(Phys.org) —A doctoral candidate in computer science has come up with a programming language, Harlan, that can leverage the computing power of a GPU. His contribution may turn a corner in working with GPU applications, He just released a programming language called Harlan. It's all new and it's totally dedicated to building applications that run GPUs. The Harlan creator is Eric Holk of Indiana University. As a doctoral candidate, his interests, he said, focus on designing and implementing programming languages that can ease up the production of reliable software that performs well. Easier professed than done, some may argue, when it comes to involvement with GPUs.
Tech sites reviewing his achievement say he has taken on quite a challenge. Programming for GPUs, as ExtremeTech put it, calls for a type of programmer who is willing to spend "a lot of brain cycles dealing with low-level details which distract from the main purpose of the code." Holk stuck to it, attempting to answer his own question: What if a language could be built up from scratch, designed from the start to support GPU programming? Harlan is special in that it can take care of the "grunt work" of GPU programming.
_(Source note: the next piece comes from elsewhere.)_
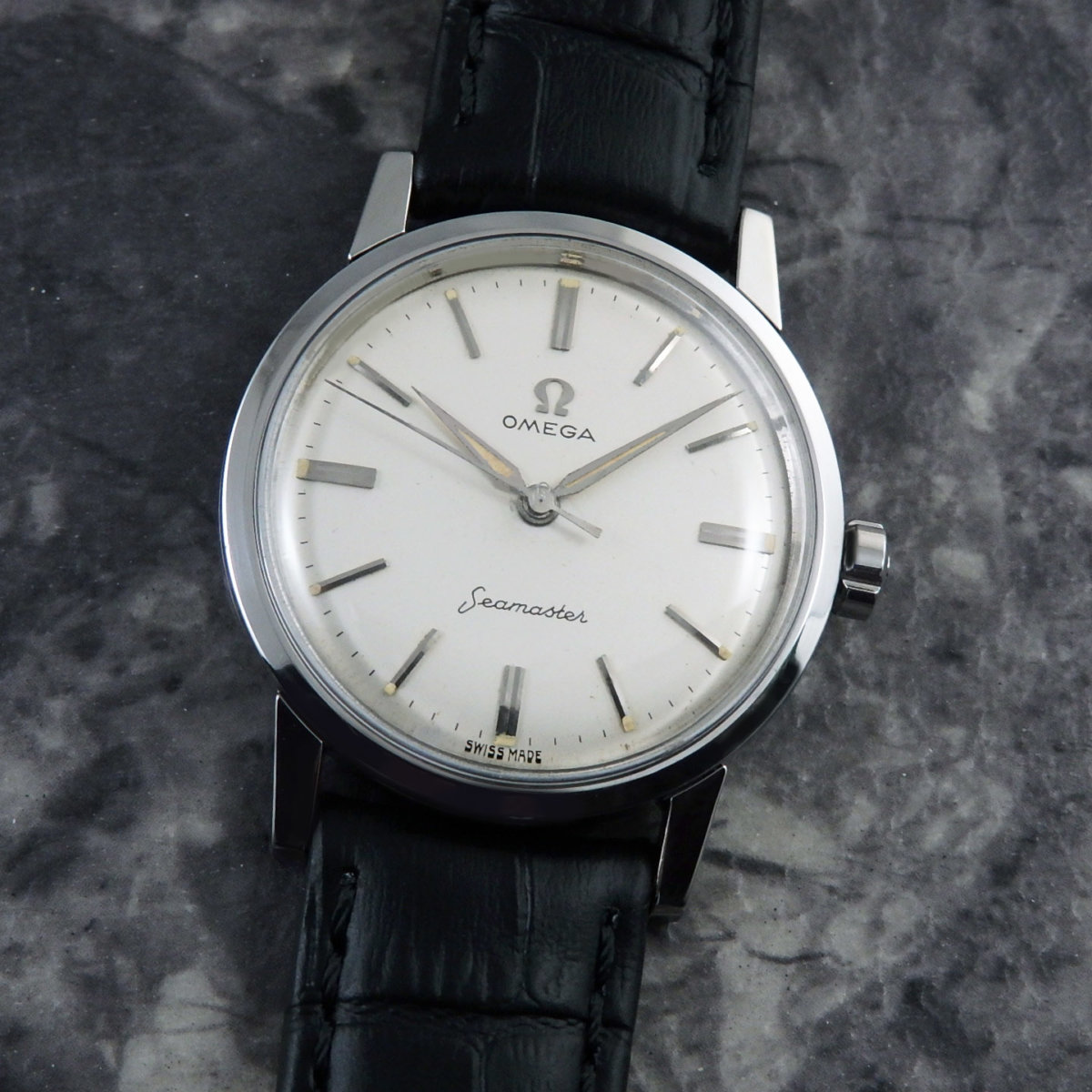 1950S OMEGA シーマスター VINTAGE WATCH | アンティーク時計の販売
A few key points about Harlan: (1) It can be compiled to OpenCL and can make use of the higher-level languages, Python and Ruby. (2) Syntax is based on Scheme, which is based on Lisp. Actually, when you start talking about Scheme, you become more immersed in Schemes of things. The Petite Chez Scheme is available for download. Chez Scheme is an implementation of Scheme based on an incremental optimizing compiler that produces code quickly. Petite Chez Scheme is a Scheme system compatible with Chez Scheme but uses a fast interpreter in place of the compiler. It was conceived as a runtime environment for compiled Chez Scheme applications, but can also be used as a standalone Scheme system. (3) Harlan runs on Mac OS X 10.6 (Snow Leopard), Mac OS X 10.7 (Lion), Mac OS X 10.8 (Mountain Lion), and "various flavors" of Linux. The github definition of Harlan calls it "a declarative, domain specific language for programming GPUs." According to the site, OpenCL implementations that should work.include the Intel OpenCL SDK, NVIDIA CUDA Toolkit, AMD Accelerated Parallel Processing (APP) SDK.
Holk announced Harlan in his blog as now available to the public as the result of about two years of work "Harlan," he stated, "aims to push the expressiveness of languages available for the GPU further than has been done before." He made note of its native support for rich data structures, including trees and ragged arrays.